Vom Kleiderschrank bis zum Nachwuchs – bei erfolgreichen Lifestyle-Bloggerinnen stimmt gerade bei der Bildsprache jedes Detail. Doch ist diese Inszenierung das, was wir sehen wollen? Ein Beispiel, dass es auch anders ziemlich gut funktioniert.
Früher war es die Werbung, die uns suggerierte, wie ein Frauenkörper auszusehen hat. Schlank, schön, aalglatt – Perfektion, von Fotografen und Grafikern kreiert. Seit Bloggerinnen und Blogger um Reichweite und Likes buhlen und ihren Alltag inszenieren, hat sich das Aalglatt-Prinzip auf das eigene Zuhause, die Mahlzeiten und das tägliche Outfit ausgedehnt. Das Müesli am Morgen wird kunstvoll ins rechte Licht gerückt (übrigens auch von mir), auf dem Tisch stehen stets frische Blumen (hätte ich gern), und der weisse Marmor in der Küche wird zum beliebten Fotountergrund – wer nicht in das teure Gestein investieren will oder kann, kauft Stoff in Marmoroptik (ich habe kurz darüber nachgedacht).
Mittlerweile bekennen sich viele der einst aalglatten Influencer zum Individualismus, brechen mit alten Mustern und besinnen sich bei ihrer Tätigkeit auf mehr Realitätsnähe, wie die Australierien Essena O’Neill, die im vergangenen Herbst die Inszenierung in den sozialen Medien kritisierte. Und doch finden wir sie noch zuhauf: die strahlend schönen Figuren, die schneeweissen Schlafzimmer und Pinterest-Küchen in der Qualität eines Hochglanzmagazins. Ich bin selbst eine, die auf Kritik an dieser Inszenierung meist gleichgültig reagiert. Was kümmert es mich, wenn Menschen ihre schönste Seite nach aussen kehren und ihr Glück präsentieren? Die digitale Welt gehört zu unserem Leben dazu, wir teilen, wir machen uns öffentlich und selbstverständlich am liebsten in unserer vorzeigbarsten Form. Anders aber bei der Inszenierung des Mutterglücks, hier geraten Frauen oft unter Druck. Was einem beim Frühstücksschälchen oder der Wahl der Bettwäsche noch schnurzegal ist, wird beim Handling der Kinder zum Unsicherheitsfaktor. Denn im Netz finden sich massenweise Supermamis, die augenscheinlich alles richtig machen und dies ausschliesslich mit ganz viel Stil.
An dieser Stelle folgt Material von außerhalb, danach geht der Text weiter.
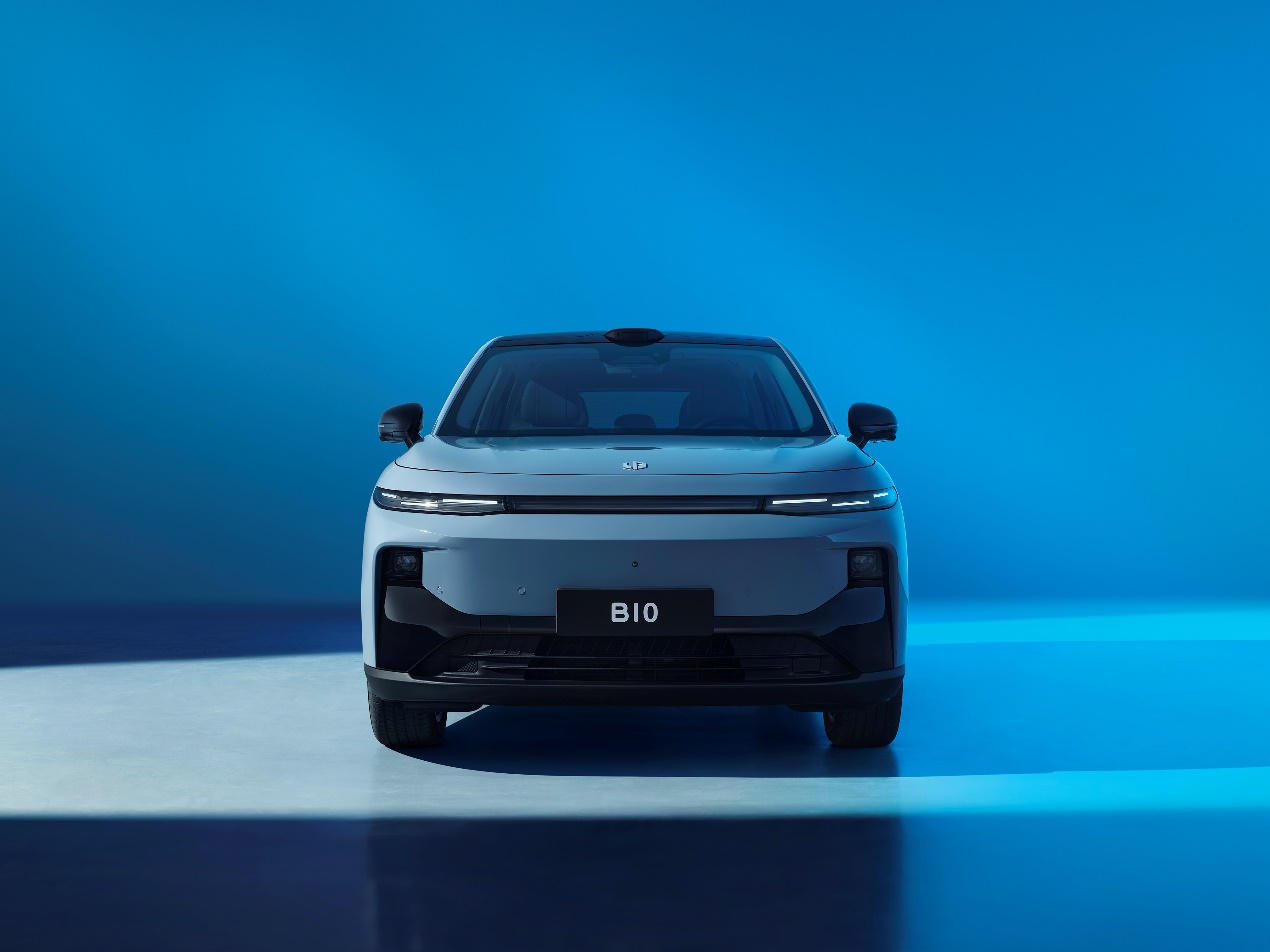 高通双旗舰芯片+激光雷达，零跑B10预售10.98万元起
Bloggerin und Mutter Rachel Parcell vom Blog Pink Peonies beispielsweise zelebriert auf ihrem Instagram-Account mit 931’000 Followern ebendiese strahlend schöne Welt. Damit ist sie eine von vielen. Dass das hinter der Kamera oft nicht mehr so perfekt aussieht, wissen wir im Grunde alle. Doch manchmal tut es gut, dies auch am lebenden Objekt zu beobachten. Dank Ehemann Drew Parcell ist das möglich. Dieser unterhält ebenfalls einen öffentlichen Instagram-Account, auf dem er seinen rund 27’700 Fans schonungslos ehrlich und gerade deshalb so sympathisch ein anderes Bild des Familienlebens zeichnet – der Hund voller Schmutz, die Frau zerzaust zwischen knittrigen Leintüchern und die Kinder gänzlich ohne Filter und inszenierter Kulisse – wenn auch auf weissem Marmor platziert. Nun könnte man meinen, dass er seiner Frau mit diesen Fotos die mühevoll inszenierte Arbeit zunichtemacht, gar ihre Follower verwirrt oder ihrem aufgebauten Image schadet, doch statt sich an den Aufnahmen zu stören, verlinkt Rachel Parcell ihn auf vielen ihrer Fotos und weist bewusst auf seinen Account hin. Sicher kein schlechter Schachzug, denn gerade mit diesem Kontrast schafft der Ehemann eine wohltuende Normalität und bietet köstliche Unterhaltung. Und das macht die kleine Familie noch liebenswerter. Ich habe mich jedenfalls noch lange nicht sattgesehen – besonders an seinen Bildern.